EXERCISE AIM
In the data below, find the line with "Ass We Can!!" and the line with "尚．路易斯．馬丁尼爾／馬可．安布羅西尼：發現之旅 JEAN LOUIS", then restate both and every line between them exactly, minus the pictures.

ENTRIES SUPPLIED
○ ○ ○ ○
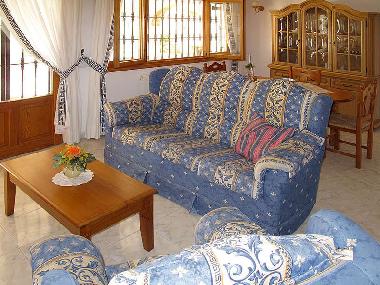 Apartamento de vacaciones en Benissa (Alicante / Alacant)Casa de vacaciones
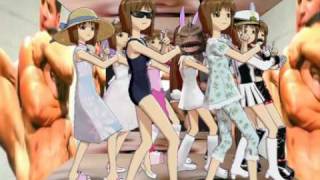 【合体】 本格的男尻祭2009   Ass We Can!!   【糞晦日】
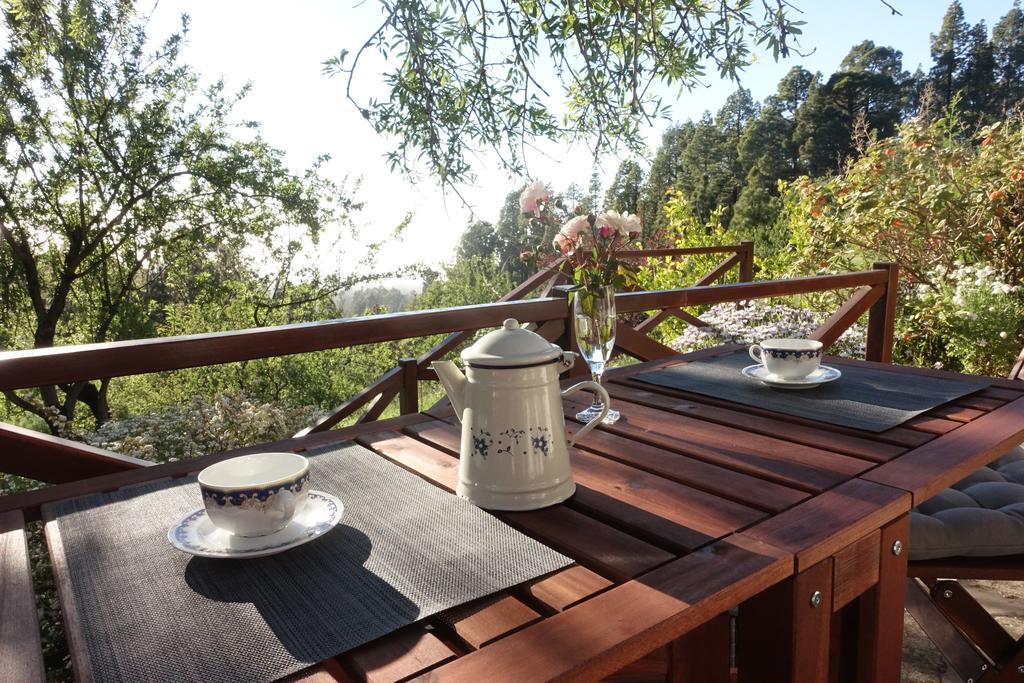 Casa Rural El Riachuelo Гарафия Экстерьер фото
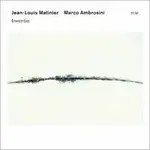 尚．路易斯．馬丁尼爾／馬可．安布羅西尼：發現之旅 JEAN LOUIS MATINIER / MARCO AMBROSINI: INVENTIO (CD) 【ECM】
○ ○ ○ ○
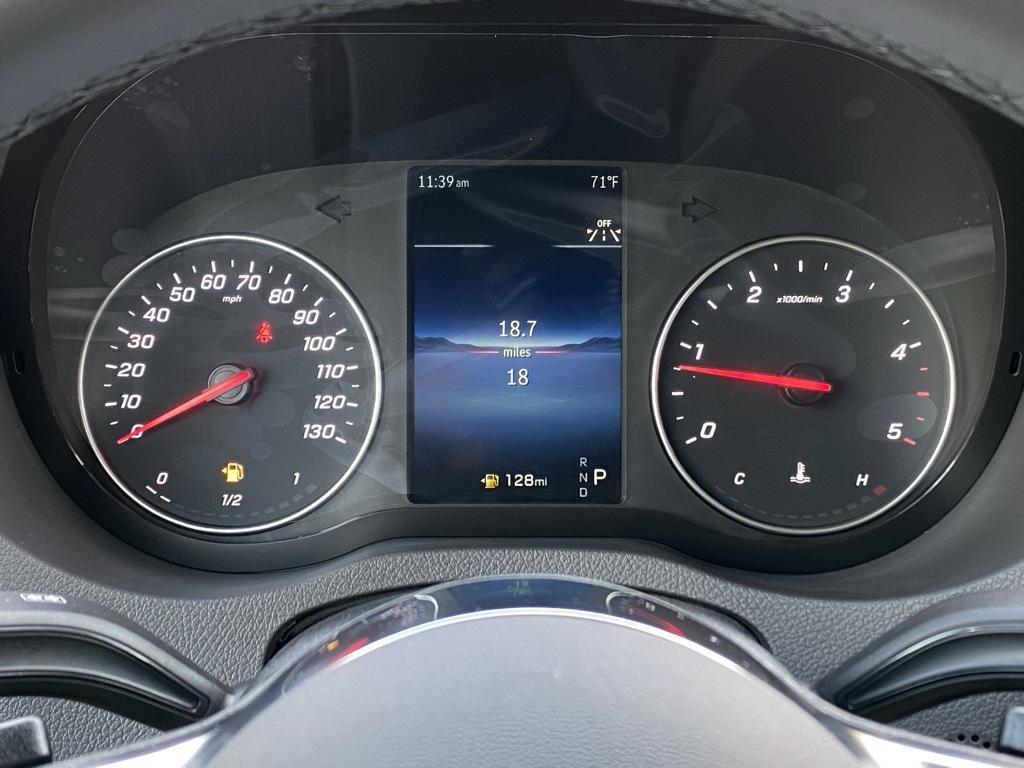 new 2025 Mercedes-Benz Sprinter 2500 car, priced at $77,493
○ ○ ○ ○
FINISHED EXERCISE
 【合体】 本格的男尻祭2009   Ass We Can!!   【糞晦日】
 Casa Rural El Riachuelo Гарафия Экстерьер фото
 尚．路易斯．馬丁尼爾／馬可．安布羅西尼：發現之旅 JEAN LOUIS MATINIER / MARCO AMBROSINI: INVENTIO (CD) 【ECM】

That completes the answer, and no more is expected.